RECORDS FOR PROCESSING -
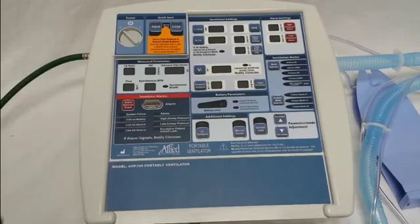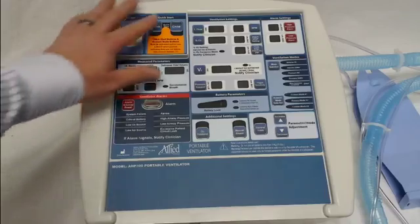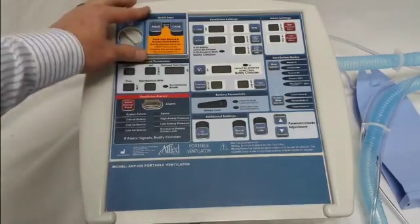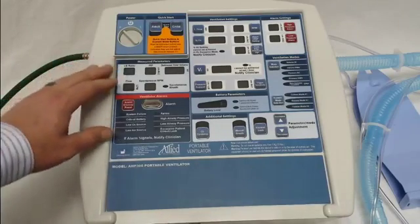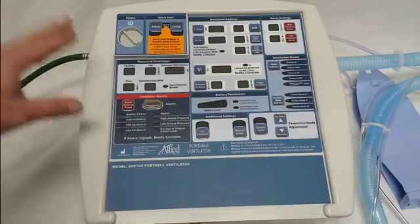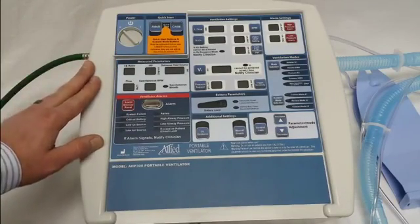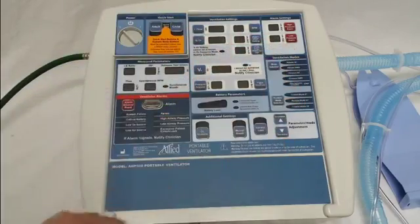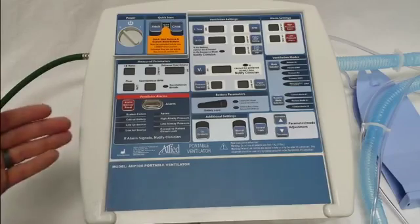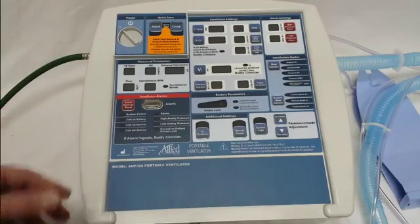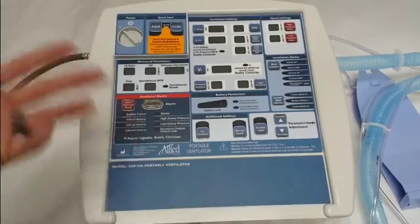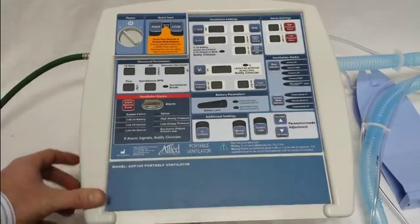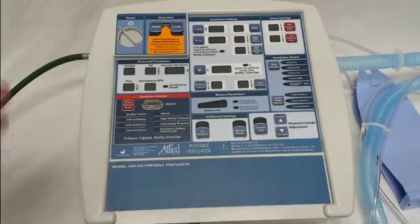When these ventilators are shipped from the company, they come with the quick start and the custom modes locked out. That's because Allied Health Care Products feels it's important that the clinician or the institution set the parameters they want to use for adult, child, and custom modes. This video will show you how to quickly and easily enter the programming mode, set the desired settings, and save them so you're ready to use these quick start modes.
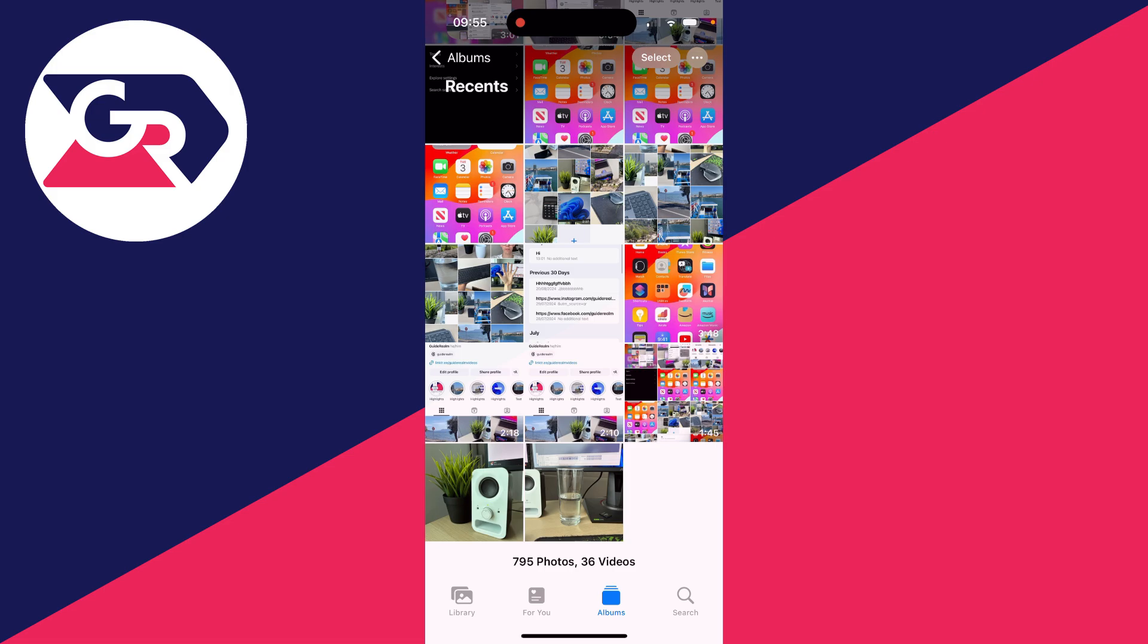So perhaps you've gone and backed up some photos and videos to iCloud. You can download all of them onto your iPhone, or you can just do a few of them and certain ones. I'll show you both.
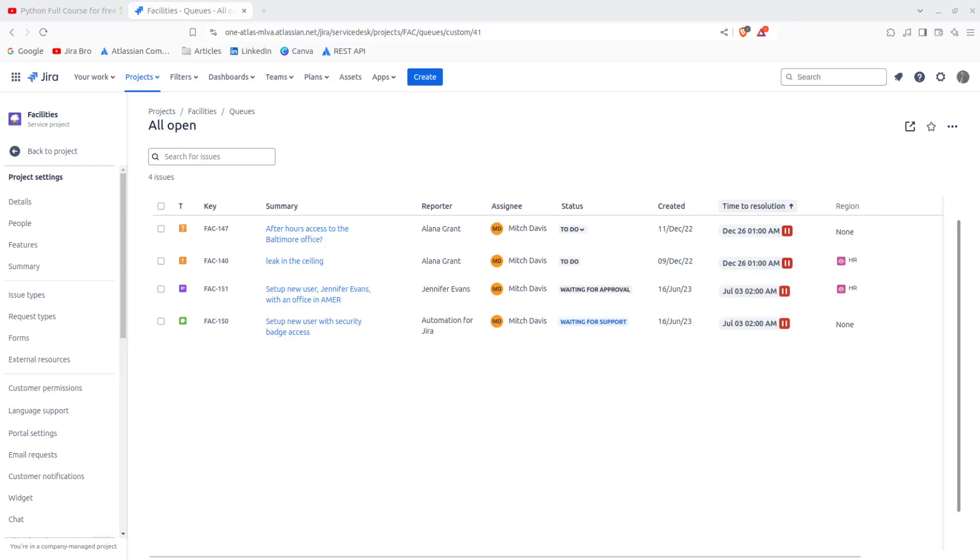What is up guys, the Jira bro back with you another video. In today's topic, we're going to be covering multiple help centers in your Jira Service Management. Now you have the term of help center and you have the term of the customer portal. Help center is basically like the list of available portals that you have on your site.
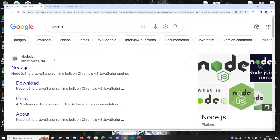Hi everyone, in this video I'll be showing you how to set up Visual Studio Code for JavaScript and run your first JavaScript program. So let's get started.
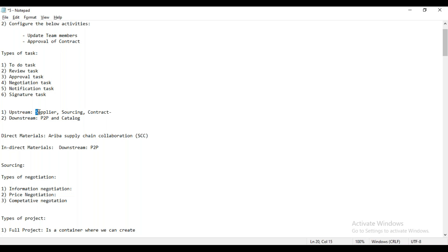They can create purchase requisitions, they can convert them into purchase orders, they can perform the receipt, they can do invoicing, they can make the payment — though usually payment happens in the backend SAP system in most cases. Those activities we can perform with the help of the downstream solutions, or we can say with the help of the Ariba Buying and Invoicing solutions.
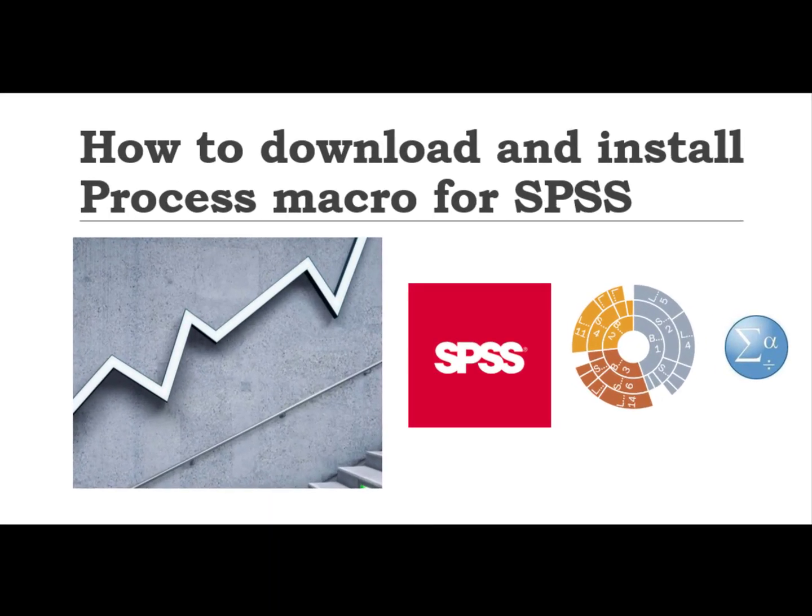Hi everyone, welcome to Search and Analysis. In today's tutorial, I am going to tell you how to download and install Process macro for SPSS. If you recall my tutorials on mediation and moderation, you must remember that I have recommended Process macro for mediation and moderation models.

TASK BRIEF -
Your response should reproduce the entire listing verbatim, minus the pictures.

RESPONSE AREA -
When these ventilators are shipped from the company, they come with the quick start and the custom modes locked out. That's because Allied Health Care Products feels it's important that the clinician or the institution set the parameters they want to use for adult, child, and custom modes. This video will show you how to quickly and easily enter the programming mode, set the desired settings, and save them so you're ready to use these quick start modes.
So perhaps you've gone and backed up some photos and videos to iCloud. You can download all of them onto your iPhone, or you can just do a few of them and certain ones. I'll show you both.
What is up guys, the Jira bro back with you another video. In today's topic, we're going to be covering multiple help centers in your Jira Service Management. Now you have the term of help center and you have the term of the customer portal. Help center is basically like the list of available portals that you have on your site.
Hi everyone, in this video I'll be showing you how to set up Visual Studio Code for JavaScript and run your first JavaScript program. So let's get started.
They can create purchase requisitions, they can convert them into purchase orders, they can perform the receipt, they can do invoicing, they can make the payment — though usually payment happens in the backend SAP system in most cases. Those activities we can perform with the help of the downstream solutions, or we can say with the help of the Ariba Buying and Invoicing solutions.
Hi everyone, welcome to Search and Analysis. In today's tutorial, I am going to tell you how to download and install Process macro for SPSS. If you recall my tutorials on mediation and moderation, you must remember that I have recommended Process macro for mediation and moderation models.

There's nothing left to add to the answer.